If you've heard the Doors' "Roadhouse Blues," the question is whether you've heard the studio version or the live one, right? Not so fast. Whichever version you heard, did you take it in when you were sixteen or seventy-six, on an expensive stereo or on a phone, with bass and treble set at what level, in a good mood or a bad one, sober or wasted, with clear sinuses or congested? If you played it on a turntable, what condition was your stylus in? And so on, through variations ad nauseum. We pretend that a Platonic version of a given recording exists and that listeners have access to it, when in fact each listener is hearing a copy of a copy of a copy.

There's an amusing story about Neil Young listening to Harvest, before its release, while in a rowboat on a lake between his house and his barn. Half the music was coming from speakers in the house, and half was coming from speakers in the barn. "More barn!" Young shouted.

In a sense, each of us shouts some form of "More barn!" each time we adjust a listening experience. Ideally, we set up house and barn to suit our ears.

However, the recording itself, any recording, has come to us with its own specifications for house and barn. These built-in qualities bring us back to the American Prayer "Roadhouse Blues" versus the In Concert "Roadhouse Blues."


An American Prayer Versus In Concert

To my ears, the stark differences arise as soon as the band begins that familiar rhythm. The In Concertversion has a lower volume and cleaner sound. It's less in your face. It also features greater separation between the instruments, so instead of their being united in propulsiveness, the drive to get there, they seem to be playing around each other, exploring the space instead of cutting straight through it. On the American Prayer version, Manzarek's keyboard becomes key just briefly at the start, then becomes absorbed into the whole. It's there--it's such an integral part of the Doors' aesthetic that it has to be there--but you don't notice it so much, because you're captivated by the overall intensity. On In Concert, that unmistakeable swirling sound becomes detectable numerous times. Morrison, meanwhile, sounds like more of the ensemble, still the frontman but not quite as front and center. The drums sound subtler, while the guitar stings less.

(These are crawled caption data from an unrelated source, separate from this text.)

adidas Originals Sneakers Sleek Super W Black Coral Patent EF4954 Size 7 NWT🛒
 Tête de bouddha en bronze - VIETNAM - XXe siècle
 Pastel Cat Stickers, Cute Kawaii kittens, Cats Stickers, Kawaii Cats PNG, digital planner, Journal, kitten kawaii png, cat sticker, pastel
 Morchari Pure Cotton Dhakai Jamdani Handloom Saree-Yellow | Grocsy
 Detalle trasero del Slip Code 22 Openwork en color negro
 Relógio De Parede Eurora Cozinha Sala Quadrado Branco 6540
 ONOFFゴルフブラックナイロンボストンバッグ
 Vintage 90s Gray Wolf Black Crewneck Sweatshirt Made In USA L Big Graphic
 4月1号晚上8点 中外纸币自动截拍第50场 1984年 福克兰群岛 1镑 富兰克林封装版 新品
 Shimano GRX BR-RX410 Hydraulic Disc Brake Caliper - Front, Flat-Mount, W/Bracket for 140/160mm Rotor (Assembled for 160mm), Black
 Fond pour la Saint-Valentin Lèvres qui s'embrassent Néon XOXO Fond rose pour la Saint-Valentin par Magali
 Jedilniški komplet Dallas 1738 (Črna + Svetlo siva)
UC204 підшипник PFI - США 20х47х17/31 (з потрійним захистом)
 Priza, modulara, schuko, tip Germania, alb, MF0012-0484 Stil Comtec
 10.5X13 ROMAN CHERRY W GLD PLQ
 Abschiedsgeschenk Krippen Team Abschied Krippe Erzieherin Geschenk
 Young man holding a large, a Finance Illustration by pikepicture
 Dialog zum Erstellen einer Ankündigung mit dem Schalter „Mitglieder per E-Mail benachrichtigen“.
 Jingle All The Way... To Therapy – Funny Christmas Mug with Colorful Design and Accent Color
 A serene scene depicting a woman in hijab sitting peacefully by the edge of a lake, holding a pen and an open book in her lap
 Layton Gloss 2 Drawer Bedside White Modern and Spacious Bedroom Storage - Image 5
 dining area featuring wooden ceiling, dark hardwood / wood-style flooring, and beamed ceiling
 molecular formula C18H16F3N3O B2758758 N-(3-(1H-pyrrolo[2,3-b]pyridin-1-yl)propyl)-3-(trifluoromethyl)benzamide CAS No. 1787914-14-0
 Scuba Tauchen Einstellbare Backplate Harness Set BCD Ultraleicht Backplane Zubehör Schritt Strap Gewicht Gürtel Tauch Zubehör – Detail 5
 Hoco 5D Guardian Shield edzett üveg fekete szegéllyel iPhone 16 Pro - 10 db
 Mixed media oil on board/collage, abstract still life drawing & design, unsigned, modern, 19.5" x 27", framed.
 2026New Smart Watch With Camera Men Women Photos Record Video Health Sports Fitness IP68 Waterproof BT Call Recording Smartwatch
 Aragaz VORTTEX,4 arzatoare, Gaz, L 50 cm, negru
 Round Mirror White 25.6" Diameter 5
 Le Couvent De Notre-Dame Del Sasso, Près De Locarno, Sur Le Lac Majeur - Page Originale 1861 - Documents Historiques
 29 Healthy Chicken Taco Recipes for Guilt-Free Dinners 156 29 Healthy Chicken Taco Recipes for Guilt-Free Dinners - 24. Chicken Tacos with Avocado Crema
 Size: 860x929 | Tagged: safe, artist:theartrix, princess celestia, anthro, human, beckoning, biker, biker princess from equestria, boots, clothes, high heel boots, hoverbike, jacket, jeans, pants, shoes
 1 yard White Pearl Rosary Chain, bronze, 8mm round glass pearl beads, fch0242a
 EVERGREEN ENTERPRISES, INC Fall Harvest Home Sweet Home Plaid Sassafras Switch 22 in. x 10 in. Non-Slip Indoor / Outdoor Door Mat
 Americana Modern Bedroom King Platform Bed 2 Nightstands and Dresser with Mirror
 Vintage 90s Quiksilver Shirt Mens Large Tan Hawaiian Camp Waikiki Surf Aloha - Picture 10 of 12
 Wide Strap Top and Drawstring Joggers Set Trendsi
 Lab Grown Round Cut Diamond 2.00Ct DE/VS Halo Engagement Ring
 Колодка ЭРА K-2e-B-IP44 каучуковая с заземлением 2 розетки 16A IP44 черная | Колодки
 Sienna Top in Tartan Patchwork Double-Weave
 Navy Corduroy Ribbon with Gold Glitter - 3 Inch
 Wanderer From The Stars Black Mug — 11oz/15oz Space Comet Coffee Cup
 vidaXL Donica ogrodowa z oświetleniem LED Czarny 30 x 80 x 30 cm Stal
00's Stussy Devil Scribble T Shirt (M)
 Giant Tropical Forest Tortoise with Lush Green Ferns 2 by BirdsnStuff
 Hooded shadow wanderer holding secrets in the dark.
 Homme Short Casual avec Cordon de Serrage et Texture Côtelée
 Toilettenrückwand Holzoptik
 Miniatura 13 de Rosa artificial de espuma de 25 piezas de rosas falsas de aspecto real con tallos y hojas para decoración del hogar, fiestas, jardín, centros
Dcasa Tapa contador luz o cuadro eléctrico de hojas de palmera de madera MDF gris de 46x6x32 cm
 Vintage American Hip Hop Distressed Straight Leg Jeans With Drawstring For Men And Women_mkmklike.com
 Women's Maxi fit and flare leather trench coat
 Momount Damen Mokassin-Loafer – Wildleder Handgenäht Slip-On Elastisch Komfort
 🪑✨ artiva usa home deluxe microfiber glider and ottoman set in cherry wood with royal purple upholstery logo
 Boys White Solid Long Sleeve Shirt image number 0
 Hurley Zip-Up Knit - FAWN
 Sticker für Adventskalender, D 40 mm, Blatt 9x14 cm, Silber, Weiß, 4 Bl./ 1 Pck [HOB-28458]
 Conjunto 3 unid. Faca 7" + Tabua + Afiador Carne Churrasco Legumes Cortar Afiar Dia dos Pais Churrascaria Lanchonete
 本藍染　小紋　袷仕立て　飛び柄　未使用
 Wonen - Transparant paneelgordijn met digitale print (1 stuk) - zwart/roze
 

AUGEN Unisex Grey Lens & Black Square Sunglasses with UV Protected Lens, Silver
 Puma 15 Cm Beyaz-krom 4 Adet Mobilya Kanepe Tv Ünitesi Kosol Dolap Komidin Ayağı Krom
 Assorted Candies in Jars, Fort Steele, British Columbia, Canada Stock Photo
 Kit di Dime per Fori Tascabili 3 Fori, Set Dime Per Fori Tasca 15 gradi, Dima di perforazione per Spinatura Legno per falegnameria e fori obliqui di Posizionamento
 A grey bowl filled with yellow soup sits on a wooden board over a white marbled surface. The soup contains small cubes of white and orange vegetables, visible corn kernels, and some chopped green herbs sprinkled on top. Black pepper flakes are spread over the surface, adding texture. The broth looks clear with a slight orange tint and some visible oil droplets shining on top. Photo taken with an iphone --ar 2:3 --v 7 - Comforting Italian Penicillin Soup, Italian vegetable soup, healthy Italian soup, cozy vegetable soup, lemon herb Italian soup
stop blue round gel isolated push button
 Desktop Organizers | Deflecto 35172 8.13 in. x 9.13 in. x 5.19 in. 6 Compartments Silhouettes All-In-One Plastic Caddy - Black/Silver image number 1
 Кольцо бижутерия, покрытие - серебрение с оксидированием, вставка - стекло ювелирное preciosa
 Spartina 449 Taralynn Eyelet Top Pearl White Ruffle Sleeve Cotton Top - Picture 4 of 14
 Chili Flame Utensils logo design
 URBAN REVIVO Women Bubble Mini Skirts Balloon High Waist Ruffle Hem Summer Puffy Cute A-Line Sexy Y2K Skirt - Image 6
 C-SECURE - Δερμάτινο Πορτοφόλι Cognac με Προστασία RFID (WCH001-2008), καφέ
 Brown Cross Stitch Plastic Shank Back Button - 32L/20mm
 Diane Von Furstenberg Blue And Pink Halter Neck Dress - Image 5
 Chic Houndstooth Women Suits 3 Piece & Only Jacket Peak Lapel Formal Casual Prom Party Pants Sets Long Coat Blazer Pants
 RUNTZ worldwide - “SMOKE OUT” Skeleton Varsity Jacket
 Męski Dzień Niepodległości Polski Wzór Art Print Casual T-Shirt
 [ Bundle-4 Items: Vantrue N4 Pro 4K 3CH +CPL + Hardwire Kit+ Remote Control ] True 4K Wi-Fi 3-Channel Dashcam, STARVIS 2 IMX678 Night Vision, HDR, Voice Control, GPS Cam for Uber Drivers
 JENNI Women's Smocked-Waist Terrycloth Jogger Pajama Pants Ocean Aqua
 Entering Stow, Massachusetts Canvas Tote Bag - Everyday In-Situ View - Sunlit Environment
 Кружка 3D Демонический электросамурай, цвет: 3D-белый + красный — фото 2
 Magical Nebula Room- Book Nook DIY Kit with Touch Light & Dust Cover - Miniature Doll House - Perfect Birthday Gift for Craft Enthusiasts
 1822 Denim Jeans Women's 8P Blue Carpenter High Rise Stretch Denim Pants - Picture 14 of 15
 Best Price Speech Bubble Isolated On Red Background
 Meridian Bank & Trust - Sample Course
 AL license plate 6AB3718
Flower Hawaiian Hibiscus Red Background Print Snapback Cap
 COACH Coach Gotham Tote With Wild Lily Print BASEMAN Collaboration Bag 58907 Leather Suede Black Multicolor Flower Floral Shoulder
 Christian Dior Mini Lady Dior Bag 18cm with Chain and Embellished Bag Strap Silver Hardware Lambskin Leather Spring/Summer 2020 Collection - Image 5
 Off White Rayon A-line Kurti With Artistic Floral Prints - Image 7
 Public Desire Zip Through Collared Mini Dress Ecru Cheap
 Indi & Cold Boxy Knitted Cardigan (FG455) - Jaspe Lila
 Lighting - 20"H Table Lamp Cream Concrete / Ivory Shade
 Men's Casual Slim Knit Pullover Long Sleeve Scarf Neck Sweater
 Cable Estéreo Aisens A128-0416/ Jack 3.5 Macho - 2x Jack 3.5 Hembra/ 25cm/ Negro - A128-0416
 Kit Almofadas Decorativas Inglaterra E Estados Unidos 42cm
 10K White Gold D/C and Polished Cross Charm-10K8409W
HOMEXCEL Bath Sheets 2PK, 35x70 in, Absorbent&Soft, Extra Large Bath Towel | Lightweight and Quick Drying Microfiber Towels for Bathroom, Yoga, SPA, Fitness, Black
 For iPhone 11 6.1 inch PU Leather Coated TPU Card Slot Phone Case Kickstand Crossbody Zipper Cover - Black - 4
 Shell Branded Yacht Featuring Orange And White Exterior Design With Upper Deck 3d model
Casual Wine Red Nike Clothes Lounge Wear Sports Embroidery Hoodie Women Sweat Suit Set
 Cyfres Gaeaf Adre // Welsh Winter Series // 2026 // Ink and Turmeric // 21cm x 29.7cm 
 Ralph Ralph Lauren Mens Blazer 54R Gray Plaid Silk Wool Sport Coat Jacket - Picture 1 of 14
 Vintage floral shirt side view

How do we explain these differences? As noted above, the production team on An American Prayer included two men who hadn't been involved in the Doors' original recordings: John Heaney and Frank Lisciandro. Missing were two men integral to most of those original recordings: producer Paul Rothchild and engineer/producer Bruce Botnick. For the CD reissue of An American Prayer, Rothchild and Botnick are credited with remastering, so at that point they had returned to the Doors' fold. They seem not to have altered the version of "Roadhouse Blues" there, however. At least, it sounds exactly as I remember it from my long-gone vinyl copy. Mastering and remastering can affect the products of production and engineering, for sure, but each of these is a distinct activity. Here Rothchild and Botnick's remastering hasn't altered the original production.

On In Concert, however, production credit for "Roadhouse Blues" goes to the surviving Doors, John Heaney, and not Frank Lisciandro but Paul Rothchild! We can speculate that Rothchild's involvement in the sonics of this compilation led to different production choices than for An American Prayer. On the earlier assemblage, whose key component--its reason for being--was Morrison's spoken-word recordings, the frontman was supposed to be the star. Perhaps the later rethinking of the music was a team effort. Perhaps Manzarek simply wanted the keyboard more audible.

It's possible, of course, maybe probable, that the In Concertversion of "Roadhouse Blues" is truer to the Doors' sound. If the greater instrumental interplay is on the live tape, presumably someone in the audience, or the sound person, heard the music that way. While accepting the verisimilitude of the In Concertversion, I remain devoted to the American Prayer version. Partly that's because I heard that version at the formative age of thirteen.


Making Decisions

Years ago I had the disorienting experience of buying Waiting for the Sun on CD and having it sound quite different than I remembered from my teenage years, when I owned it on vinyl. Volume levels had changed, instrumental textures were new, vocals were double-tracked, and the whole soundstage seemed more dimensional. Was I misremembering so vastly? Was my old pressing so poor? No, it turned out that I'd bought the 2007 remix of the album, released as part of a series: "All six studio albums are newly mixed, supervised by the Doors and Bruce Botnick." The tiny print on the back of the CD in no way informed my consumption. The thing should have been titled something like The Alternative Waiting for the Sun or Waiting for the Sun: The 2007 Remix. In the booklet, Ray Manzarek explains that "There are background vocals by Jim Morrison, piano parts of mine that weren't used, and guitar stingers and solos by Robby Krieger that never made the original recordings, that can now be heard for the first time." Yippee, and the results are stunning, except who asked for that?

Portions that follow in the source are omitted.